Example 2 - MNIST with a Shallow Feedforward Network

We will use a shallow feedforward neural network to learn the famous MNIST dataset.

First, as usual, we import Numpy to hold the data, and we import Learny McLearnface.


In [56]:
import numpy as np
import LearnyMcLearnface as lml
import matplotlib.pyplot as plt
%matplotlib inline

Now, we will set up the MNIST dataset. This dataset consists of a training set of 60,000 28x28 images of handwritten digits, along with a test set of 10,000 different images of the same size. We will use a built-in utility to import the data.

Since these images are 28x28 grayscale pixels, they will be stretched into single dimensional vectors of length 784. Then, the training and test image sets are combined into one large matrix each, where each row is a single 784 image.

There are also two vectors of image classifications (lengths 60,000 and 10,000) which correspond to these two matrices.


In [57]:
training_images, training_labels, test_images, test_labels = lml.utils.get_mnist()

Let's visualize some of the elements of this dataset, organized by class.


In [59]:
classes = range(10)
for i in classes:
    idxs = np.flatnonzero(training_labels == i)
    idxs = np.random.choice(idxs, 10, replace=False)
    for j, idx in enumerate(idxs):
        plt_idx = j * 10 + i + 1
        plt.subplot(10, 10, plt_idx)
        reshaped = training_images[idx].reshape((28, 28))
        plt.imshow(reshaped, cmap=plt.cm.binary)
        plt.axis('off')
        if j == 0:
            plt.title(i)


It is common to have separate validation and test sets, so we will split MNIST's test set in half to accomodate this. The first 5000 images will be our validation set, and the rest will be our test set.


In [60]:
X_train = training_images
y_train = training_labels
X_val = test_images[:5000, :]
y_val = test_labels[:5000]
X_test = test_images[5000:, :]
y_test = test_labels[5000:]

Now, we wrap our training and validation sets in a dictionary as usual, so that we may feed it to Learny McLearnface.


In [61]:
data = {
    'X_train' : X_train,
    'y_train' : y_train,
    'X_val' : X_val,
    'y_val' : y_val
}

Now we will create our model. We will use a similar architecture to Example 1: a shallow fully-connected network with 500 hidden layer neurons, ReLU activations, and a Softmax classifier.

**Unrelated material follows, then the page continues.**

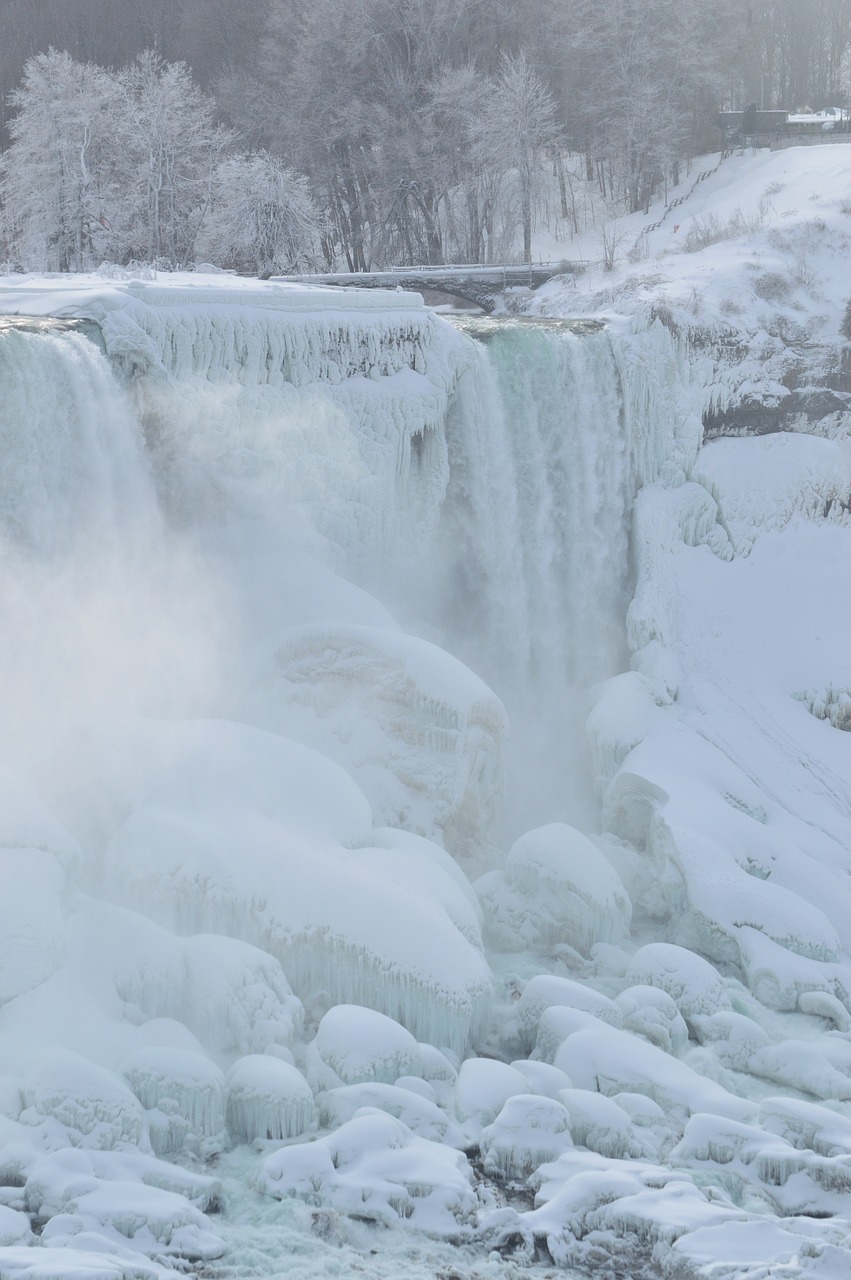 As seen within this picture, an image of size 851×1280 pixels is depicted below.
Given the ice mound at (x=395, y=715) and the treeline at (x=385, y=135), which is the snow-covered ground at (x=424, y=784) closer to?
the ice mound at (x=395, y=715)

Since this network will be taking 28x28 images, its input dimension will be 28*28. We will use the Xavier scheme to initialize our parameters.


In [62]:
opts = {
    'input_dim' : 28*28,
    'init_scheme' : 'xavier'
}

And then we build the model.


In [63]:
nn = lml.NeuralNetwork(opts)
nn.add_layer('Affine', {'neurons':600})
nn.add_layer('ReLU', {})
nn.add_layer('Affine', {'neurons':10})
nn.add_layer('SoftmaxLoss', {})

Like before, we will use a Trainer in order to fit the model to the MNIST dataset. We will use stochastic gradient descent, and we will use a learning rate of 1e-2 and a regularization constant of 1e-8. We will also train the model for 10 epochs.


In [64]:
opts = {
    'update_options' : {'update_rule' : 'sgd', 'learning_rate' : 1e-2},
    'reg_param' : 1e-8,
    'num_epochs' : 10
}

We then use a Trainer object in order to train the model to the data, with the chosen options.


In [65]:
trainer = lml.Trainer(nn, data, opts)

We will evaluate the model once before training. Since the model is randomly initialized, we will expect the model's predictions to be essentially random as well. As there are 10 classes, we will expect an initial accuracy roughly near 10%.


In [66]:
accuracy = trainer.accuracy(X_val, y_val)
print('Initial model accuracy:', accuracy)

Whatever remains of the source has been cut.